Saturday, 27 February 2016

Watchmen

One thing I draw huge inspiration from is Alan Moores award winning graphic novel creation Watchmen. Watchmen centres around a group of vigilante crime fighters in an alternate 1980's America, where war with Russia has escalated to boiling point and Richard Nixon remains president of the USA. In this alternate time stream masked heroes are a norm and have been outlawed and until one of the former masked heroes is murdered it brings them out of retirement to solve the crime. The novel looks a things such as drugs, politics and sex, it reads like an actual novel and not a graphic comic. 
The idea and art direction behind the book is raw and interesting, it creates a whole alternate universe. Moore used the story as a mean to reflect contemporary anxieties and to deconstruct and parody the whole superhero concept. Watchment depicts an alternate history where superheroes emerged in the 1940's and 1960's, helping the united states win the Vietnam War. In 1985, the country is edging toward nuclear war with the soviet union, freelance costumed vigilantes have been outlawed and most former superheroes are retired. The story focuses on the personal and moral struggles of the protagonist as an investigation into the murder of a government sponsored super hero takes them out of retirement.

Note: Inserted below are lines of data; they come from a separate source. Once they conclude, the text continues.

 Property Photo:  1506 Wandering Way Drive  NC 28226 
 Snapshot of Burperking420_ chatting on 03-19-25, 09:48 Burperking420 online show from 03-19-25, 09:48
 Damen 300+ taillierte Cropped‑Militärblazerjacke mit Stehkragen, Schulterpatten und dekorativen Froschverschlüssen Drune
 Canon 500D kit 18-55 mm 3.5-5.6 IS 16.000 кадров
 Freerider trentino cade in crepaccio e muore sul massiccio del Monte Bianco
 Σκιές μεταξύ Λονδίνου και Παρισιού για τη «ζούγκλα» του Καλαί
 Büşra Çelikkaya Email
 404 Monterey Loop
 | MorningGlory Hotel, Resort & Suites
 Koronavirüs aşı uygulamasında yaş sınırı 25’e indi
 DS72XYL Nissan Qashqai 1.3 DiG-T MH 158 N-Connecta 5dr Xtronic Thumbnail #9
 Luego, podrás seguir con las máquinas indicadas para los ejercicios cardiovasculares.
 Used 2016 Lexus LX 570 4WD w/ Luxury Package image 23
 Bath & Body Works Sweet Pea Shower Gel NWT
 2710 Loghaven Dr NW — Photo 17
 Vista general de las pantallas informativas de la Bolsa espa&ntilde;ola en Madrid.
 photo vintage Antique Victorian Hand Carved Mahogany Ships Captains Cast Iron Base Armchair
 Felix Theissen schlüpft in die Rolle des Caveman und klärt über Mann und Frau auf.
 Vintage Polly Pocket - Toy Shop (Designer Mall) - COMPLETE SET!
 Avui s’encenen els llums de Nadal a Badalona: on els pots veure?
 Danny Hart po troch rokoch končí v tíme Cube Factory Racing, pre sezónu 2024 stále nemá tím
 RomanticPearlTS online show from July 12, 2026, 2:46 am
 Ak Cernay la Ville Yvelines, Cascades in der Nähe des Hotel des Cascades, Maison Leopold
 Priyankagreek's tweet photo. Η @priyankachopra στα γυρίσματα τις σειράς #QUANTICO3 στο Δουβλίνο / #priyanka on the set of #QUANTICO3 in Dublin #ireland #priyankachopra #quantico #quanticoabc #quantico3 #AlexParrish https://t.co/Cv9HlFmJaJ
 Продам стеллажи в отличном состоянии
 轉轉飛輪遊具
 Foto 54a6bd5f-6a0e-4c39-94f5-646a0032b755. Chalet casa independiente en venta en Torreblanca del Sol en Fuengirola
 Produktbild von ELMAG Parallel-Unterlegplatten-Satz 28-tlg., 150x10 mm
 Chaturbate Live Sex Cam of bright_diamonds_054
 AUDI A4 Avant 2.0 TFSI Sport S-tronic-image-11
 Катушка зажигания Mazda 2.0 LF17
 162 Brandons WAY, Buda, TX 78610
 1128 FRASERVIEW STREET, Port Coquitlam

Creatively the focus of Watchmen is on its structure. Gibbons uses a nine-pannel grid layout throughout the series and added recurring symbols such as the blood-stained smiley face. All but the last issue feature supplement fictional documents that add to the series' back story, and the narrative is intertwined with that of another story, an in-story pirate comic Tales of the Black Freighter, which one of the characters reads. Structured, at times, as a nonlinear narrative the story skips through time, space and plot. In the same style, entire scenes and dialogue have parallels with others through synchronicity, coincidence and repeated imagery.